Last year, in "Six Days, Seven Nights," Harrison Ford's character survived a plane crash. Now, in "Random Hearts," Ford plays Dutch Van Den Broeck, who suffers a far more harrowing catastrophe - he must deal with his wife's demise after her plane goes down. Unfortunately, sitting through this movie makes her fate seem like a welcome alternative.

How exactly does "Random Hearts" become such an ordeal? Because it bites off much more than it knows how to chew. Screenwriters Kurt Luedtke and Darryl Ponicsan have taken Warren Adler's already convoluted novel and turned it into something much worse: a hollow piece of Hollywood junk.

Dutch isn't the only one whose spouse dies in the crash; Republican Congresswoman Kay Chandler (Kristin Scott Thomas) loses her husband as well. But wait, there's more: The two late spouses were sitting together on the plane, and, as Dutch soon discovers, they were having an affair.

And even this complication is not enough: Kay is running for reelection, and any scandal, including her husband's infidelity, will destroy her chances. See how heavy things have become already?

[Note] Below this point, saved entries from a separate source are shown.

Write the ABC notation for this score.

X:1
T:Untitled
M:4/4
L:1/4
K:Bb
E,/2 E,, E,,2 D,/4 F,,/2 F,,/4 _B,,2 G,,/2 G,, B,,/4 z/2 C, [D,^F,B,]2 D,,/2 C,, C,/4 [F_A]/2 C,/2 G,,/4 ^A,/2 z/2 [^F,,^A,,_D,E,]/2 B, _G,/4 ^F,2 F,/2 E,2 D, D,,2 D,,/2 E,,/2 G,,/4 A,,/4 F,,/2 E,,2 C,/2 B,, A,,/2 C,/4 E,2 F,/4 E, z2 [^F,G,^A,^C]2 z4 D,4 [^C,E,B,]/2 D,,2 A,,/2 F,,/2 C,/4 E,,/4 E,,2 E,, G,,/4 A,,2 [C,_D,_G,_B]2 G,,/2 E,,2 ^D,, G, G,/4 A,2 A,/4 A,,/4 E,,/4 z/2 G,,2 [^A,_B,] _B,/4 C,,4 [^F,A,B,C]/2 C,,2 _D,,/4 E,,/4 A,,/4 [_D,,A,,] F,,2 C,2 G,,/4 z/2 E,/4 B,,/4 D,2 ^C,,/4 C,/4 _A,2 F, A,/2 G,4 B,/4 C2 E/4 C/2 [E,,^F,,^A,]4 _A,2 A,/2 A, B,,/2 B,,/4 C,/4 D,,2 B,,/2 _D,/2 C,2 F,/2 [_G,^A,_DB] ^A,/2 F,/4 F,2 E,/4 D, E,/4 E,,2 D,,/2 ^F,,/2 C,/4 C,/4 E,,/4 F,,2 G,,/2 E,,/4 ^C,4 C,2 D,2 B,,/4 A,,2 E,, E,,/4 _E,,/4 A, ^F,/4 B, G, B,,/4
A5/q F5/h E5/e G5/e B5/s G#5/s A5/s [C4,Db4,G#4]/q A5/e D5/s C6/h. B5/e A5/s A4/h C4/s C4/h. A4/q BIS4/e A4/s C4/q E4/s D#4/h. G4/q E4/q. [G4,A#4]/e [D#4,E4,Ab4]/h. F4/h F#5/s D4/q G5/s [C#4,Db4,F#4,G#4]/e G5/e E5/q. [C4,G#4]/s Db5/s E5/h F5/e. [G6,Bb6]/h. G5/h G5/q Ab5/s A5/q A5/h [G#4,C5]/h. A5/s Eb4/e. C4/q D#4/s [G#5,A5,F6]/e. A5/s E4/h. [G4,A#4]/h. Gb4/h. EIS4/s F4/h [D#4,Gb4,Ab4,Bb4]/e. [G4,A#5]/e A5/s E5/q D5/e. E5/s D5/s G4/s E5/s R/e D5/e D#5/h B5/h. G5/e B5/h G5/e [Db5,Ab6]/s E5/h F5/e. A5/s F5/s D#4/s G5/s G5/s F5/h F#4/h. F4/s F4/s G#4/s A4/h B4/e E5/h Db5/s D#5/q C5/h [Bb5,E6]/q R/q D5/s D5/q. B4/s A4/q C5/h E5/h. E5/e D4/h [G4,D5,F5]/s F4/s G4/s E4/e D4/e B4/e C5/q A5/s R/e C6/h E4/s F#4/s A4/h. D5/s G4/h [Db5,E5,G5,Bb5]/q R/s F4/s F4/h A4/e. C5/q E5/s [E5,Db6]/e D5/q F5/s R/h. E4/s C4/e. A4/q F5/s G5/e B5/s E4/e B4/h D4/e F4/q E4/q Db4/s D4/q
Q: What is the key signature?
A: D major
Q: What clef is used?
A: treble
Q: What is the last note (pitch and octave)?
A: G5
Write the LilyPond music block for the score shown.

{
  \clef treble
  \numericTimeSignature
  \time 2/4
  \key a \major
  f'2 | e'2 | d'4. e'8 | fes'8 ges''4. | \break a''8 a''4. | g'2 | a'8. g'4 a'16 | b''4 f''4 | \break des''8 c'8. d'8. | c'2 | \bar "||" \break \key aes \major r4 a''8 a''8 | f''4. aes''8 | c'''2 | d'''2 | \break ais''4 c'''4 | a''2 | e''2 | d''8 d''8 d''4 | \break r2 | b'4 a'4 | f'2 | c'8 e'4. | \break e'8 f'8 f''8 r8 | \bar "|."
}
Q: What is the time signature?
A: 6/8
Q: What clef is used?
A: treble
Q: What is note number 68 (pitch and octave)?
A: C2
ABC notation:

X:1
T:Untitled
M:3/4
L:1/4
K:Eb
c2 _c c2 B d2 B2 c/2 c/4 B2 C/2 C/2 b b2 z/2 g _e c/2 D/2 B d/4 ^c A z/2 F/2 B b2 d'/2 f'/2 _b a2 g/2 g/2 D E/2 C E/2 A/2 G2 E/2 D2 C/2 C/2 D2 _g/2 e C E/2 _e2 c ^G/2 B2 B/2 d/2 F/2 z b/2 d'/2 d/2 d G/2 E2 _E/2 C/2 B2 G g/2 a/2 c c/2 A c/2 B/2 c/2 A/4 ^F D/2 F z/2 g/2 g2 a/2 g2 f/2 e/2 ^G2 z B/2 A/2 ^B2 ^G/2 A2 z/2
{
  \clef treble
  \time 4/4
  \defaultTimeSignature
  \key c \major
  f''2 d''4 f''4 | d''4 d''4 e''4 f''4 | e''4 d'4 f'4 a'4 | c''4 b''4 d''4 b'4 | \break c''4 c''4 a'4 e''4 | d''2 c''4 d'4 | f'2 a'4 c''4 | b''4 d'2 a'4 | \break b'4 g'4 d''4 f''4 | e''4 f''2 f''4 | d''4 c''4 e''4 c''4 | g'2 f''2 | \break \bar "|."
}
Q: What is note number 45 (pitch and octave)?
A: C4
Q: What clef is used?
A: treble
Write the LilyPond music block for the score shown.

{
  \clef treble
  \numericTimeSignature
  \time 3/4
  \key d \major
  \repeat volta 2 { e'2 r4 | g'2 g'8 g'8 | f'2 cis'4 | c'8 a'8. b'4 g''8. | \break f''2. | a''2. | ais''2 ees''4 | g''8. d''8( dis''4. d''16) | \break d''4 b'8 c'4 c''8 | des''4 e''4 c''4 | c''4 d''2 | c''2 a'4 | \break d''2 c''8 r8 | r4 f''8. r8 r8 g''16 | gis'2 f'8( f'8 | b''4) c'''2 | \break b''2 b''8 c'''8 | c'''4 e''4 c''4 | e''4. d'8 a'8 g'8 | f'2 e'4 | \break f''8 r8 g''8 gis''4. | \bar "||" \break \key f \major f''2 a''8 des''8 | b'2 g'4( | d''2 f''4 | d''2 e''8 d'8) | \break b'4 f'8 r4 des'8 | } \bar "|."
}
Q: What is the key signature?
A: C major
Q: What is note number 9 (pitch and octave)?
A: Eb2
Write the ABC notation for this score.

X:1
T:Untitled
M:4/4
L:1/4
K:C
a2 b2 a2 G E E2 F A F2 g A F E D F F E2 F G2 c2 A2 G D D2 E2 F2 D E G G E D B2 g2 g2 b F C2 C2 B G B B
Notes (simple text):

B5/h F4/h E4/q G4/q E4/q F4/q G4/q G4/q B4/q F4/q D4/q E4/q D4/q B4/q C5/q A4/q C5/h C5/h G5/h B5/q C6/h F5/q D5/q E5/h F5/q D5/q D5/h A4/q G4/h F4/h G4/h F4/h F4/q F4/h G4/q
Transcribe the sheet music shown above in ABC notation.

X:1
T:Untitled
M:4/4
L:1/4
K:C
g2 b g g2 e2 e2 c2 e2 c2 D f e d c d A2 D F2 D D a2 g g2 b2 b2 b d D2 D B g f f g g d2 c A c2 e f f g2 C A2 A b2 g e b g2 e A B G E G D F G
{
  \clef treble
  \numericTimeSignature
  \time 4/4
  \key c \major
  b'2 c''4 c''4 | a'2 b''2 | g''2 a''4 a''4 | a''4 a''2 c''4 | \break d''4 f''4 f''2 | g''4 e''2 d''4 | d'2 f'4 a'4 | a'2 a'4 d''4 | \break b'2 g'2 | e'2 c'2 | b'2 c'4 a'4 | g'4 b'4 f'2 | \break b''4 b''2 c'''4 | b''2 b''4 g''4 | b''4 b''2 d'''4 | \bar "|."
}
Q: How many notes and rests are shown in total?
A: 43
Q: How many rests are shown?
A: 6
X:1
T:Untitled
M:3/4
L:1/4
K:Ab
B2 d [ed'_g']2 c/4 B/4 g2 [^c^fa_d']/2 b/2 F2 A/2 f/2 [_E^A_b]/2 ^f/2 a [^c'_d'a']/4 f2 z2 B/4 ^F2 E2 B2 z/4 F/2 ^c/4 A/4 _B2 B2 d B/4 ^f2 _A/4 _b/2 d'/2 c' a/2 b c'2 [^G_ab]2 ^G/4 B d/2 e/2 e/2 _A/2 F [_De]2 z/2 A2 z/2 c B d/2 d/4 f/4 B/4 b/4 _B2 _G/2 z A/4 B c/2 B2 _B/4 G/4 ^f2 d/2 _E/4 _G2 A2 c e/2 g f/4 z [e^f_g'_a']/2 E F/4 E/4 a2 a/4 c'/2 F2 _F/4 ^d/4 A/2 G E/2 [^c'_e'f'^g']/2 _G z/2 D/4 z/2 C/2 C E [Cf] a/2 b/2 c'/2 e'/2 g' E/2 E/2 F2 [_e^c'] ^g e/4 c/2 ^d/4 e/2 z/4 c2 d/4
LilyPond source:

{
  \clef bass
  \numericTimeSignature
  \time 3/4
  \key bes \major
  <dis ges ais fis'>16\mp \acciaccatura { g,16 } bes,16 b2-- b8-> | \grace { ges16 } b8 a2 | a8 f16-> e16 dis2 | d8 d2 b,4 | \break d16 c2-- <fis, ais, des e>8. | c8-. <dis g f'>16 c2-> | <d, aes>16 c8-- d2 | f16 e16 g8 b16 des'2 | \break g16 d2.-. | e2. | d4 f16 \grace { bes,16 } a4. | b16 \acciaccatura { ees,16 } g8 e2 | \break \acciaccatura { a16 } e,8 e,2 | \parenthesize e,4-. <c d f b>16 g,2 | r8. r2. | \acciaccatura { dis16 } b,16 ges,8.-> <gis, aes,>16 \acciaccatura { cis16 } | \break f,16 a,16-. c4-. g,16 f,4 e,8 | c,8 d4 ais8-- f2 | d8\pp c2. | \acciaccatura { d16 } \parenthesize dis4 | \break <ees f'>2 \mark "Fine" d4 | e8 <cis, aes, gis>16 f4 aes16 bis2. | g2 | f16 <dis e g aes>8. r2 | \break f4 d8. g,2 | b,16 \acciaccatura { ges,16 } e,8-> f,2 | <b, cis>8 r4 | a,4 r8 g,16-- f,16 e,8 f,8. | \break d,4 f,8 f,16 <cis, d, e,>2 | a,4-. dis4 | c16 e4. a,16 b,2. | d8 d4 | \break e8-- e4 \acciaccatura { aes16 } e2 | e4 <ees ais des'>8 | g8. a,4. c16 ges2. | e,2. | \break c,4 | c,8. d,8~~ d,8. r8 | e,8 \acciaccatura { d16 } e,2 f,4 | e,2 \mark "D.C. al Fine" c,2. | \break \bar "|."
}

We haven't even made it past the first reel yet.

This could have been a fantastic movie if it had focused on Dutch's and Kay's losses and discoveries of their spouses' betrayals. Scenes in which Dutch pieces together his wife's deception (allowing Ford to display such emotions as stoicism, extreme stoicism and eventually sublime stoicism) have great potential, but they cannot scratch beneath the surface of the staid "man scorned" notion that Dutch comes to represent.

In fact, only one sequence truly is jarring - when Dutch and Kay meet in Miami, where their wife and husband had previously frolicked together. As they watch couples writhing rhythmically on the dance floor at a tango club, they realize the overwhelming scale of their spouses' deceit. But "Random Hearts" ignores the idea of how one copes with such a discovery.

Instead, halfway through this overlong journey into despair, the protagonists decide to fall in love. How come? Because the script tells them to do so - not because they share any great chemistry, not because their growing passion can't remain repressed any longer and certainly not because it makes any sense.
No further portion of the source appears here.